--- EXERCISE MATERIALS Enclosed Below ---

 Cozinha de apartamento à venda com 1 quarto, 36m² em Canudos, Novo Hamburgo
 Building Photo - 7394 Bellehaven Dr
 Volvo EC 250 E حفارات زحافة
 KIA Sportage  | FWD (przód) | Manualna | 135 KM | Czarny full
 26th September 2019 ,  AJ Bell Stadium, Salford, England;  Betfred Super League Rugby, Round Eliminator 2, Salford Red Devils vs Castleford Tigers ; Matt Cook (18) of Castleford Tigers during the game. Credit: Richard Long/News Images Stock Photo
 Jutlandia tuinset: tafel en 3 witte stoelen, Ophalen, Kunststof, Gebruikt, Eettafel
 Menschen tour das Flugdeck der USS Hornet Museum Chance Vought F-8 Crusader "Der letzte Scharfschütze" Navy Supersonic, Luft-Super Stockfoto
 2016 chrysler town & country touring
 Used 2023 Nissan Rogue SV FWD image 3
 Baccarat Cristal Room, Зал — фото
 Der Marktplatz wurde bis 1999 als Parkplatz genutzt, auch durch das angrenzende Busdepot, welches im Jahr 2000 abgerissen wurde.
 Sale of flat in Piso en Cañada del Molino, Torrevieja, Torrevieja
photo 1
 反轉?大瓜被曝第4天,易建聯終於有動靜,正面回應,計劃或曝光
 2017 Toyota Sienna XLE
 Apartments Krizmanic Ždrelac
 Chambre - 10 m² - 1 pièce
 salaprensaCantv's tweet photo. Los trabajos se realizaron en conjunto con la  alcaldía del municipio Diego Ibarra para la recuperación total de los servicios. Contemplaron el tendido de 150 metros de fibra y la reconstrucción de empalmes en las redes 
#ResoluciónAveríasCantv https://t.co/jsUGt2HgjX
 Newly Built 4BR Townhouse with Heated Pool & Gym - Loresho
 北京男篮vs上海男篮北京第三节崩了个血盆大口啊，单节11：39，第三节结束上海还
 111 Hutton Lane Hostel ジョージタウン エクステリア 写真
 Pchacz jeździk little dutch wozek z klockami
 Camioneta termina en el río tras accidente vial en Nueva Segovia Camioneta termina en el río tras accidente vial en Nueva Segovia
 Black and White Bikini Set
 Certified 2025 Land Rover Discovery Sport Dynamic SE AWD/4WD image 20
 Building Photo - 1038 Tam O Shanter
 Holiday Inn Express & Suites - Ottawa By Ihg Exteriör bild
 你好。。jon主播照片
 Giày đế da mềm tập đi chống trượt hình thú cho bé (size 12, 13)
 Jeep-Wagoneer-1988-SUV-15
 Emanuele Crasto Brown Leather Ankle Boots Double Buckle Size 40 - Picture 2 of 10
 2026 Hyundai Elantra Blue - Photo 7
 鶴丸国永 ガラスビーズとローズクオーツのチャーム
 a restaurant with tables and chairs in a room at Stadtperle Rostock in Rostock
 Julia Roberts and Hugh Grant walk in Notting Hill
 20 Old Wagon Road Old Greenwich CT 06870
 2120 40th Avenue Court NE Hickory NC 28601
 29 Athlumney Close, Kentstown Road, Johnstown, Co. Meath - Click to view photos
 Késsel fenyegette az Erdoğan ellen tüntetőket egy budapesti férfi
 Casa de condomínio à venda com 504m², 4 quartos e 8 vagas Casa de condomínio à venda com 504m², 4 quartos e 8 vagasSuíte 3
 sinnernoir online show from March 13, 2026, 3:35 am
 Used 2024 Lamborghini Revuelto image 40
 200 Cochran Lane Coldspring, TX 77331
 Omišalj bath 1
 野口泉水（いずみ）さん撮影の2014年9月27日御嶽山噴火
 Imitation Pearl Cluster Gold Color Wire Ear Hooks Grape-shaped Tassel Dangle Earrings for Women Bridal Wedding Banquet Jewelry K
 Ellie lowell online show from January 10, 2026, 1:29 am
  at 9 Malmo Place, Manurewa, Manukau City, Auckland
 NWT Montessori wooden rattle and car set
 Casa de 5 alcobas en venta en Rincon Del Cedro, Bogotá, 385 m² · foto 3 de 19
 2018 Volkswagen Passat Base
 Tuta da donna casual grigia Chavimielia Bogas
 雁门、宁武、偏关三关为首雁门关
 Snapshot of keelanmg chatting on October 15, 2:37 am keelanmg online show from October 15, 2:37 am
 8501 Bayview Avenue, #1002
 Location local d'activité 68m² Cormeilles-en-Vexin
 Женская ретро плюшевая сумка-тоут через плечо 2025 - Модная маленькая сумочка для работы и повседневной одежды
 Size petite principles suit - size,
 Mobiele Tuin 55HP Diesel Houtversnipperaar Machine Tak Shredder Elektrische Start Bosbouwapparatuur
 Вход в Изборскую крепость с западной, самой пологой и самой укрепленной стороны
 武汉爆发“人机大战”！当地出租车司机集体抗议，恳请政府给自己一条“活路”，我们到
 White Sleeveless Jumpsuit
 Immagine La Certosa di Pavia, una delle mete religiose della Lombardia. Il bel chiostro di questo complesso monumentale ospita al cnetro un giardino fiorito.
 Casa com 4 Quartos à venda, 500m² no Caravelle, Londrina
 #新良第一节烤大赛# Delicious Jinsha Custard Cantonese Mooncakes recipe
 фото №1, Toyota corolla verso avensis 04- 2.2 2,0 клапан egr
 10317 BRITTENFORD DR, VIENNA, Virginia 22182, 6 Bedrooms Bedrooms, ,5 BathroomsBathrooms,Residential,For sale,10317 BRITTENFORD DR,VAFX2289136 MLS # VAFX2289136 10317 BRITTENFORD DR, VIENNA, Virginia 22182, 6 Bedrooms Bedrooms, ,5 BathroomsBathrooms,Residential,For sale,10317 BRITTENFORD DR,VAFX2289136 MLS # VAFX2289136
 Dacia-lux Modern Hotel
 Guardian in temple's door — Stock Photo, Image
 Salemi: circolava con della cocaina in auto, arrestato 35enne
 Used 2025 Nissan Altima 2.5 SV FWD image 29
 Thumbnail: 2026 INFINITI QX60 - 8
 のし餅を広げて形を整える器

--- End of Enclosed EXERCISE MATERIALS ---

**WHAT YOU ARE ASKED TO DO:** Wherever the string "Building" appears in the records, copy the whole line.

**WRITTEN ANSWER:**
 Building Photo - 7394 Bellehaven Dr
 Building Photo - 1038 Tam O Shanter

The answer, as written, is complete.